== AIM OF THE EXERCISE ==
Exact copy, pictures excluded: set down only the lines from the one with "建溪茶产自哪里，探寻美味：建溪茶的产地揭秘" through the end of the entries, keeping both end lines.

[Image-caption web data]
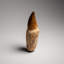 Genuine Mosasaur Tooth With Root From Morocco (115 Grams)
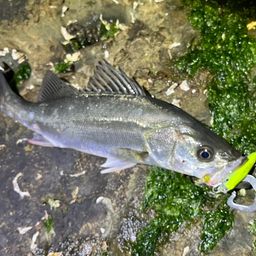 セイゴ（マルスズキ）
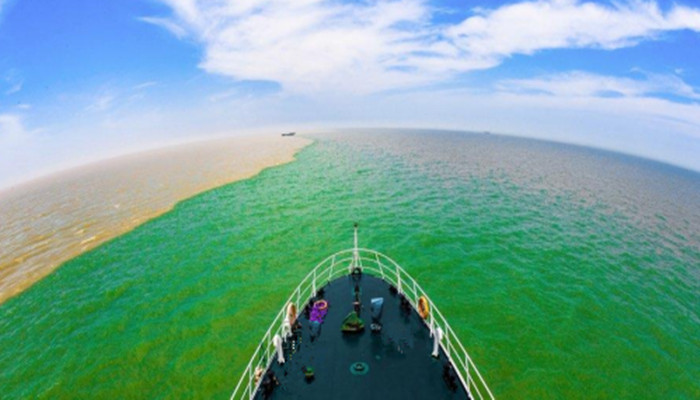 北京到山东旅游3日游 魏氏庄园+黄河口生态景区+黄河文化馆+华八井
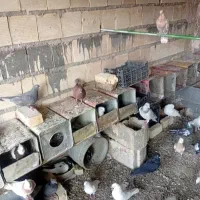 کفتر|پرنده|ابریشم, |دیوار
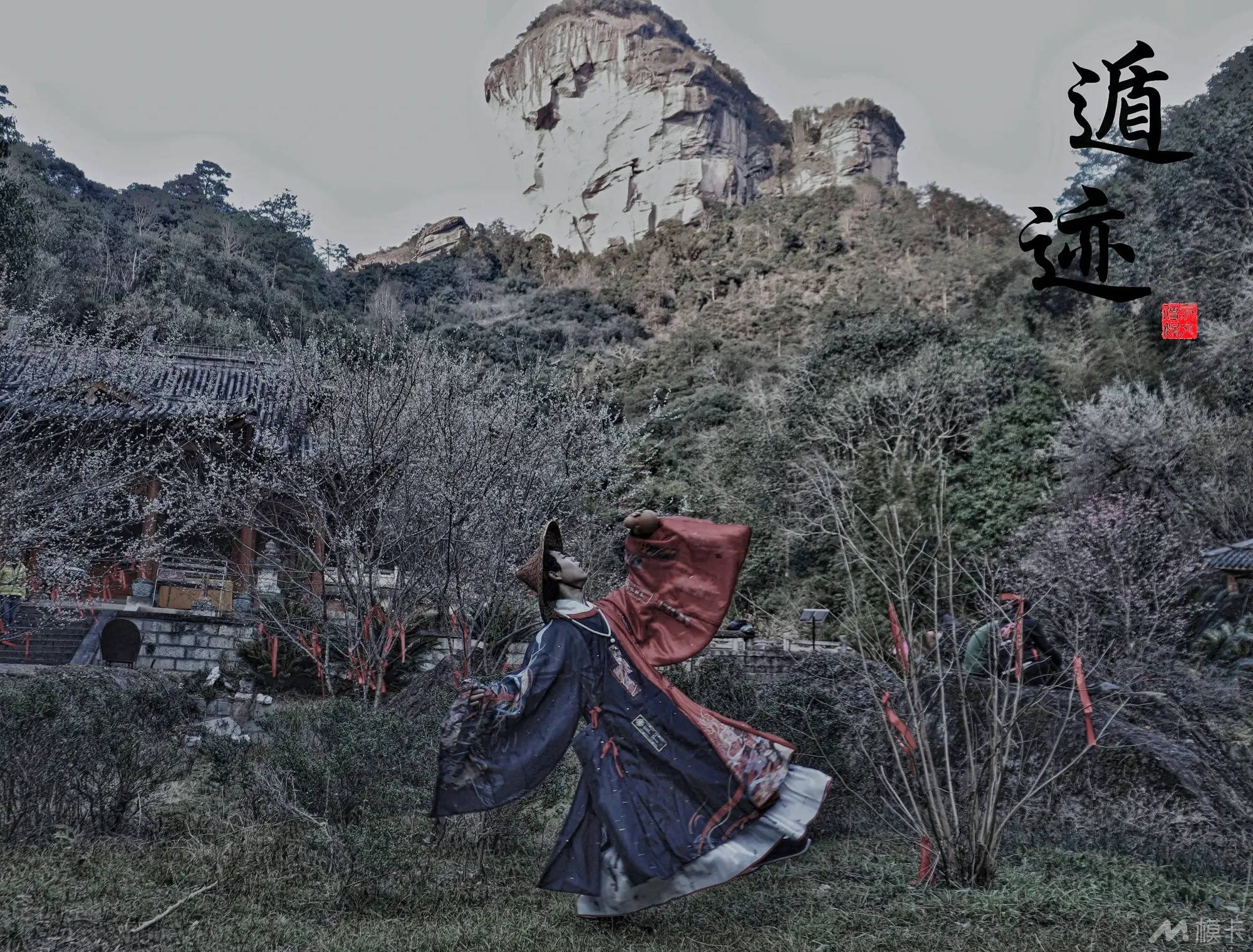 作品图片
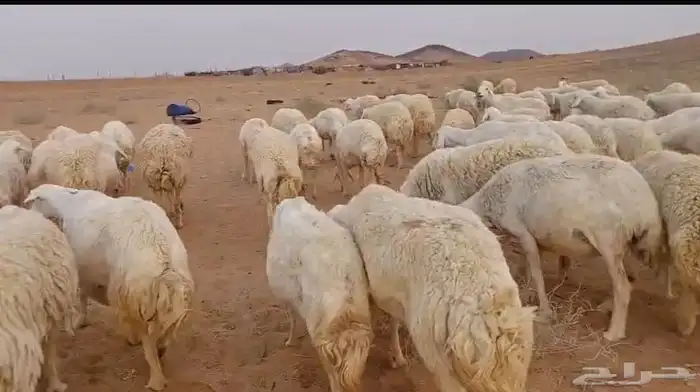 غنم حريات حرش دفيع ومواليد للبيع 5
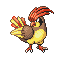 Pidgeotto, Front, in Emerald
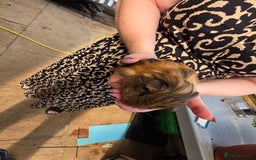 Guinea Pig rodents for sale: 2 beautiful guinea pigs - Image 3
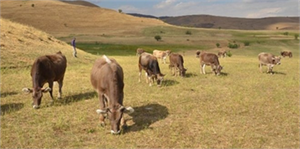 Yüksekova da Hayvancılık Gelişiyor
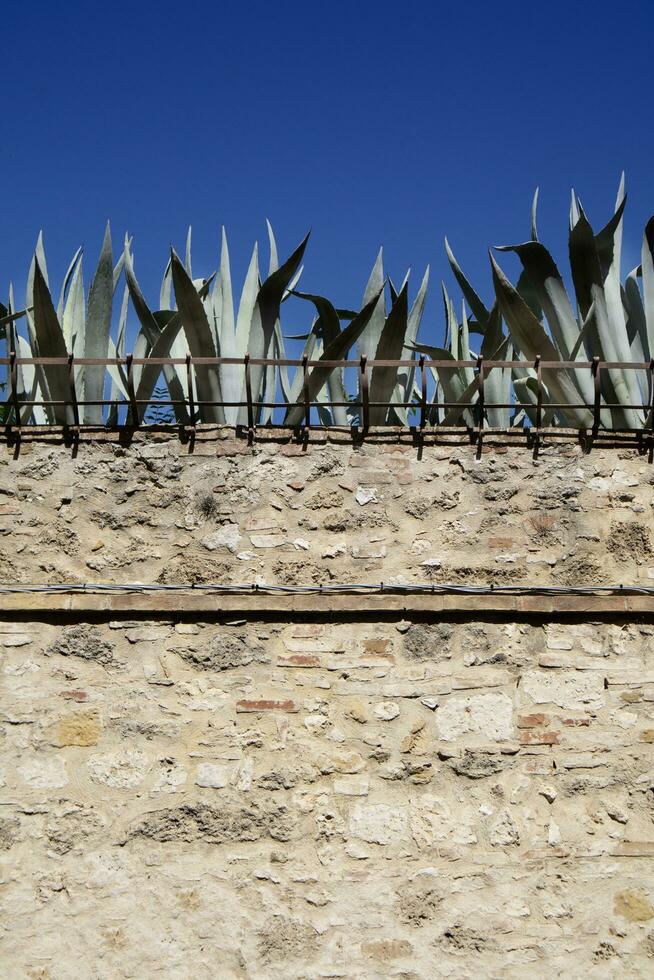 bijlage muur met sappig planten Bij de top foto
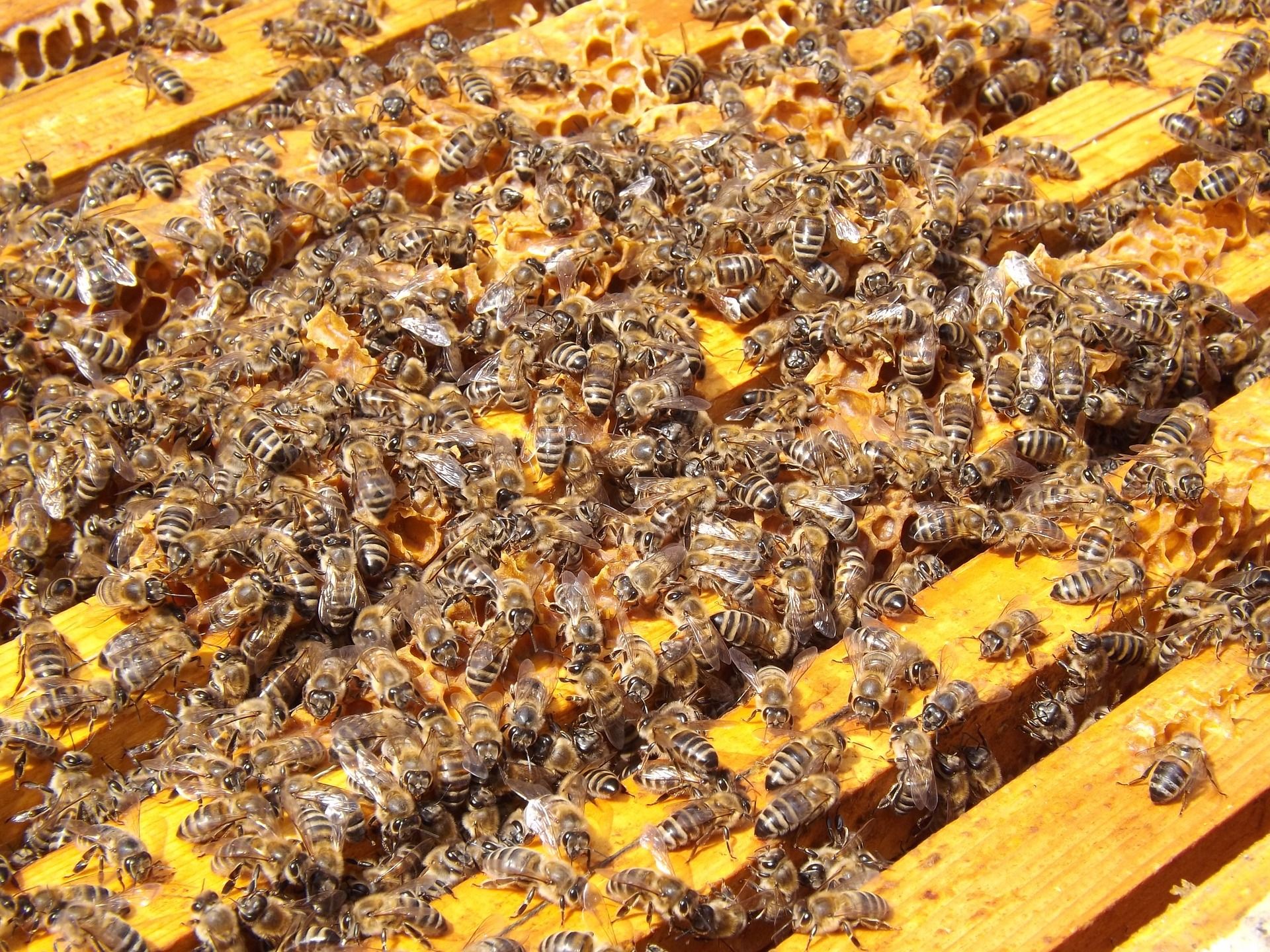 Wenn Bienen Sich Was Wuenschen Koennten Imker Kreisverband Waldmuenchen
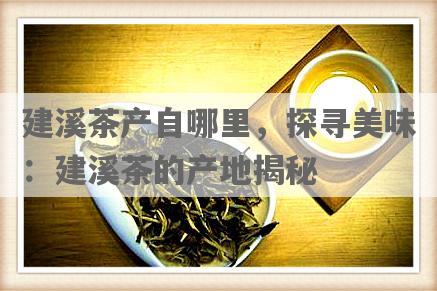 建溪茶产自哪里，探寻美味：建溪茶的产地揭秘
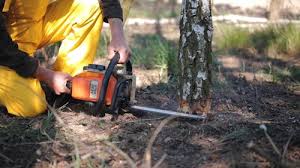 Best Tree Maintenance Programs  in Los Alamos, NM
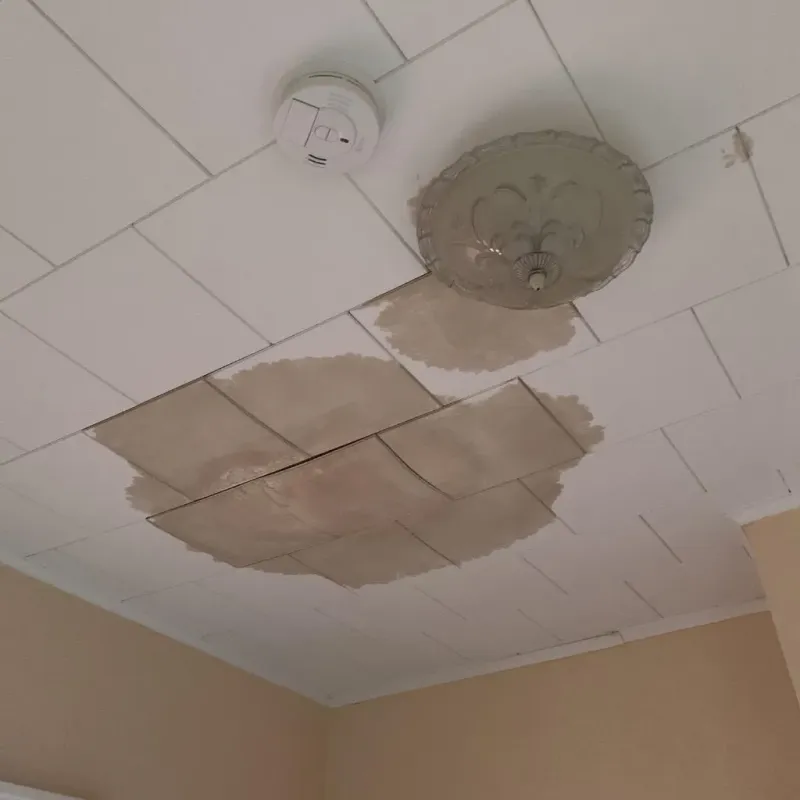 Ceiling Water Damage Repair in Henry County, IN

== RESPONSE ==
 建溪茶产自哪里，探寻美味：建溪茶的产地揭秘
 Best Tree Maintenance Programs  in Los Alamos, NM
 Ceiling Water Damage Repair in Henry County, IN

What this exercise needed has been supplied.